_What needs to be done_
Begin the copy at the line containing "Adapter - Oplader" in the data below and end it at the line containing "Jordan Men's 1", keeping each line exact and leaving out pictures.

_Material provided_
=== Begin Enclosure ===

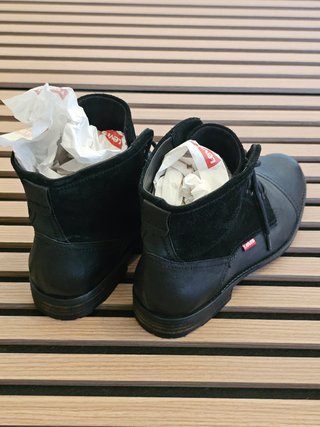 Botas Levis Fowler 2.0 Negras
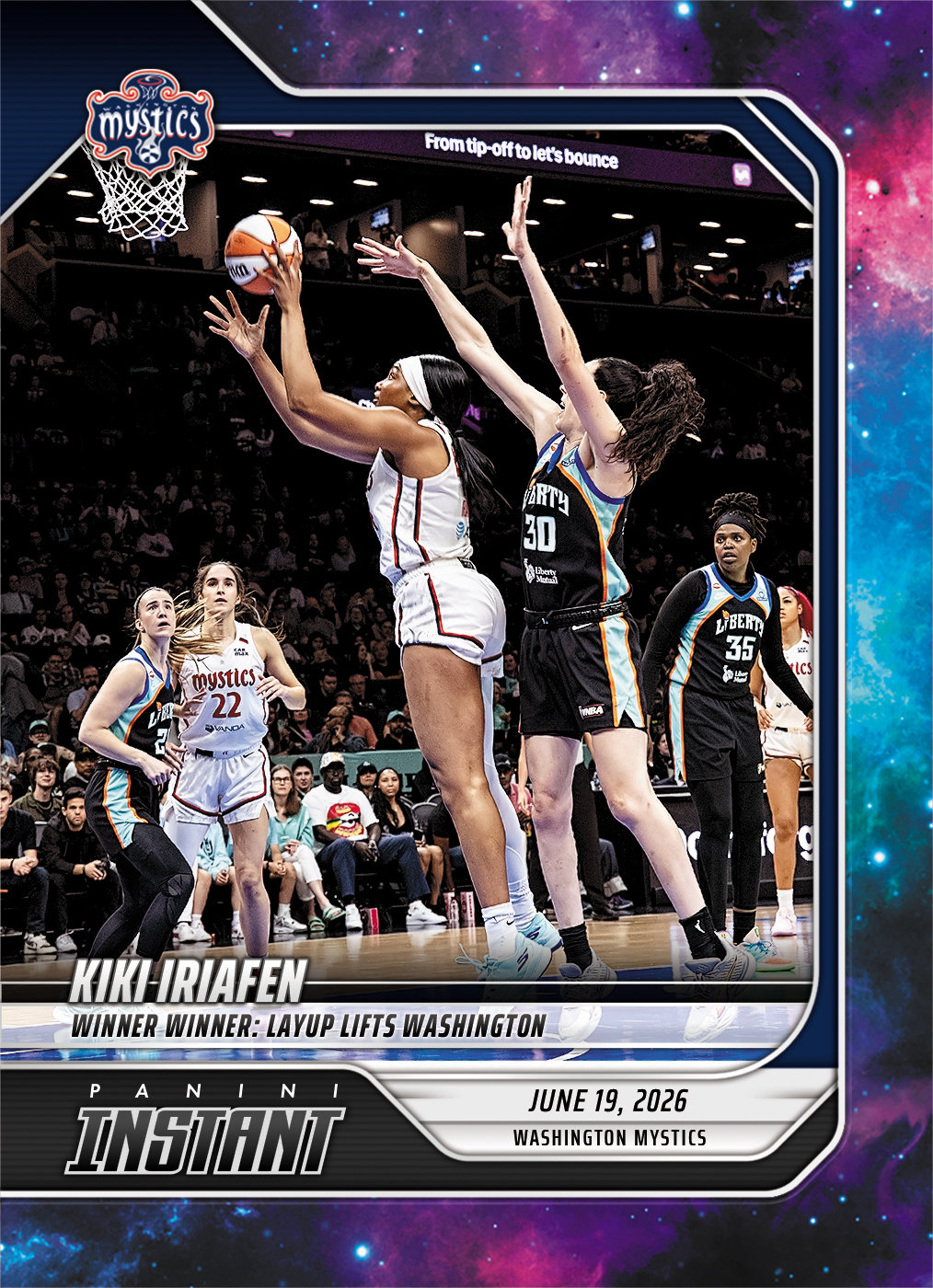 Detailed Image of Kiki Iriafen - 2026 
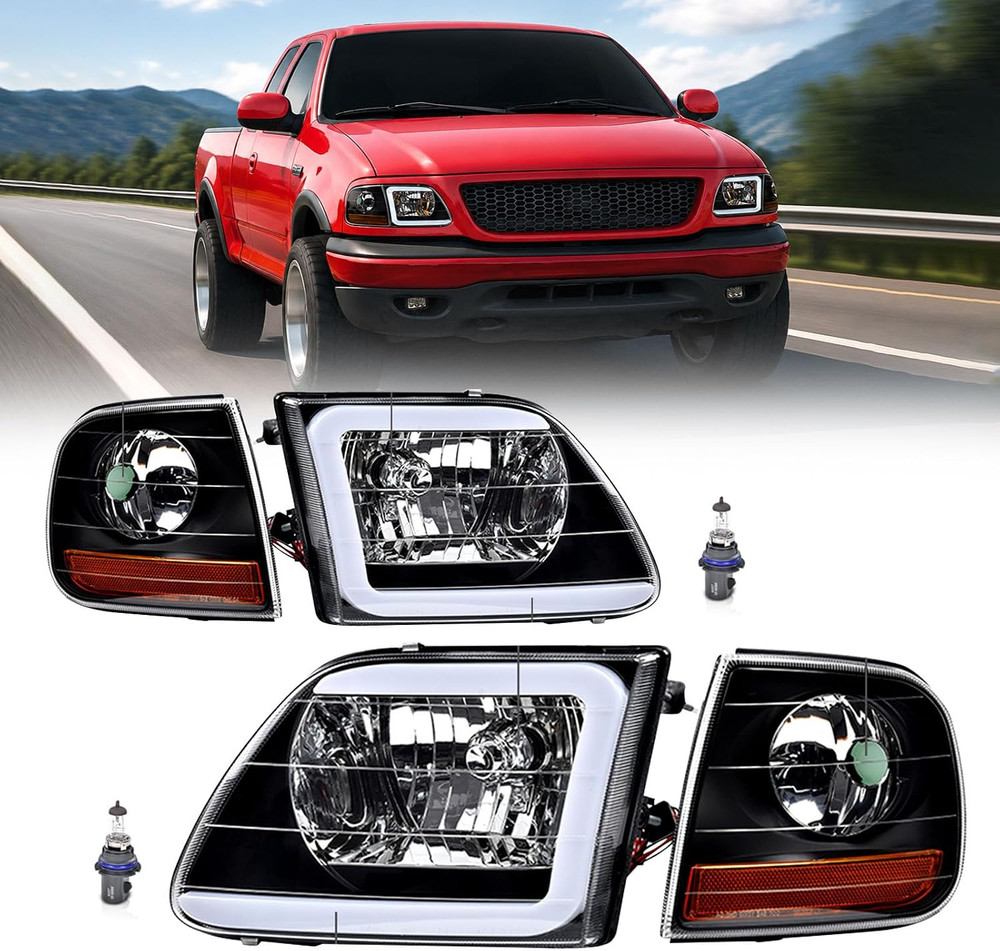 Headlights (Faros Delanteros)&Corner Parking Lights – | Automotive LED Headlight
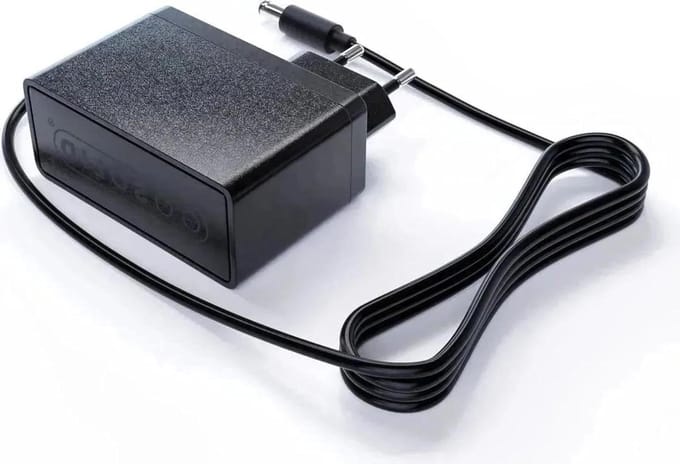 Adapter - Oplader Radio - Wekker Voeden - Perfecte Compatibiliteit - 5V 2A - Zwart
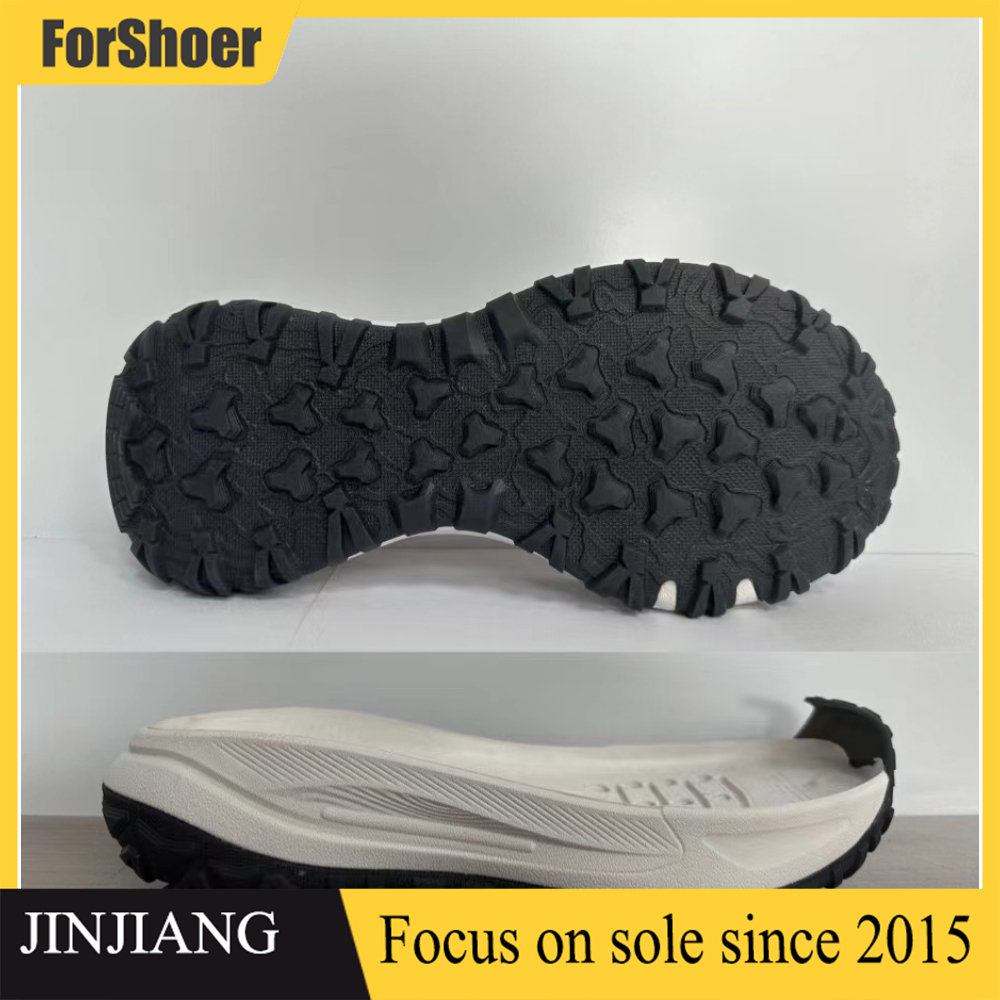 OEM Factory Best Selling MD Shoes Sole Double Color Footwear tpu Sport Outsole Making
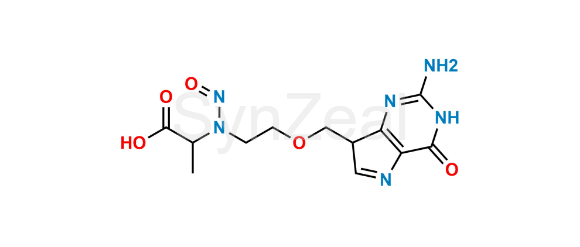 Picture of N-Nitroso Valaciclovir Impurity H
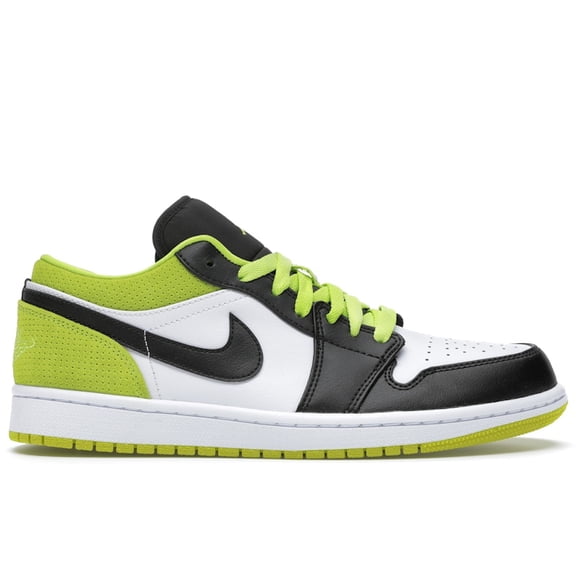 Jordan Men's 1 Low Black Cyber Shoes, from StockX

=== End Enclosure ===
=== Begin Enclosure ===

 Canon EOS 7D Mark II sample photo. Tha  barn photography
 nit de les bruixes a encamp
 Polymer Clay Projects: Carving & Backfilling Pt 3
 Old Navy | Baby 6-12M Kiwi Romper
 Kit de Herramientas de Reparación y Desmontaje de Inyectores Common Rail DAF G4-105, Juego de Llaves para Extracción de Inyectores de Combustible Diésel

=== End Enclosure ===
=== Begin Enclosure ===

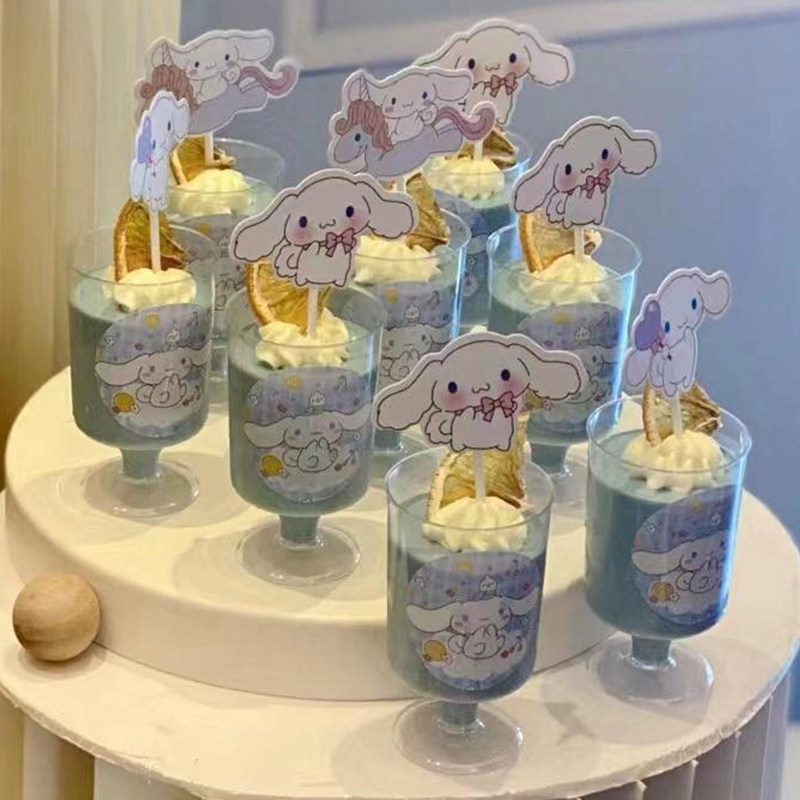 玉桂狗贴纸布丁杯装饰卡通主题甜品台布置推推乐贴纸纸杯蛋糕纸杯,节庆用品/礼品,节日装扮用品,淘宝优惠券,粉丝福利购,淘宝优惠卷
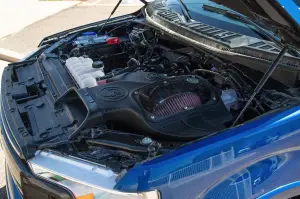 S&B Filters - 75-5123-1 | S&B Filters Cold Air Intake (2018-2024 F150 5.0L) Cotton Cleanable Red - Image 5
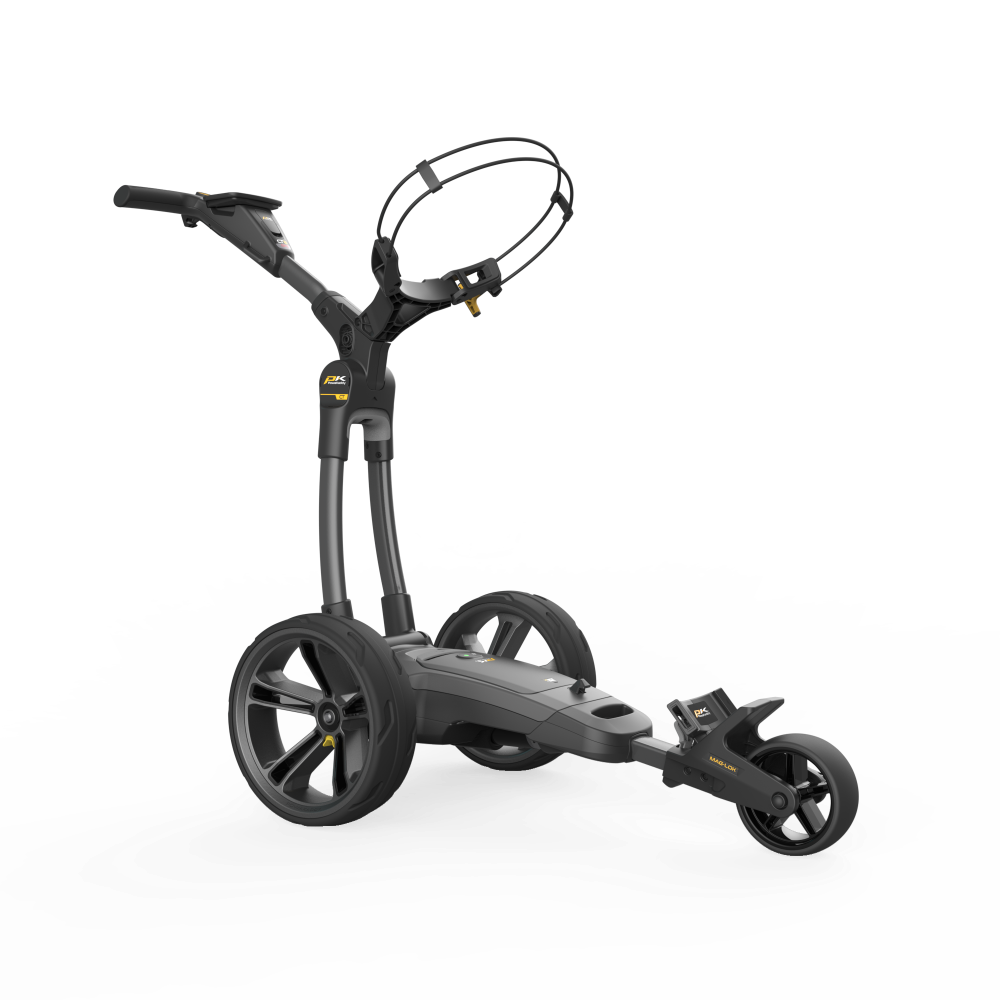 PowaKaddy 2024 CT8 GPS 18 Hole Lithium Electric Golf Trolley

=== End Enclosure ===

_Response to the task_
 Adapter - Oplader Radio - Wekker Voeden - Perfecte Compatibiliteit - 5V 2A - Zwart
 OEM Factory Best Selling MD Shoes Sole Double Color Footwear tpu Sport Outsole Making
 Picture of N-Nitroso Valaciclovir Impurity H
 Jordan Men's 1 Low Black Cyber Shoes, from StockX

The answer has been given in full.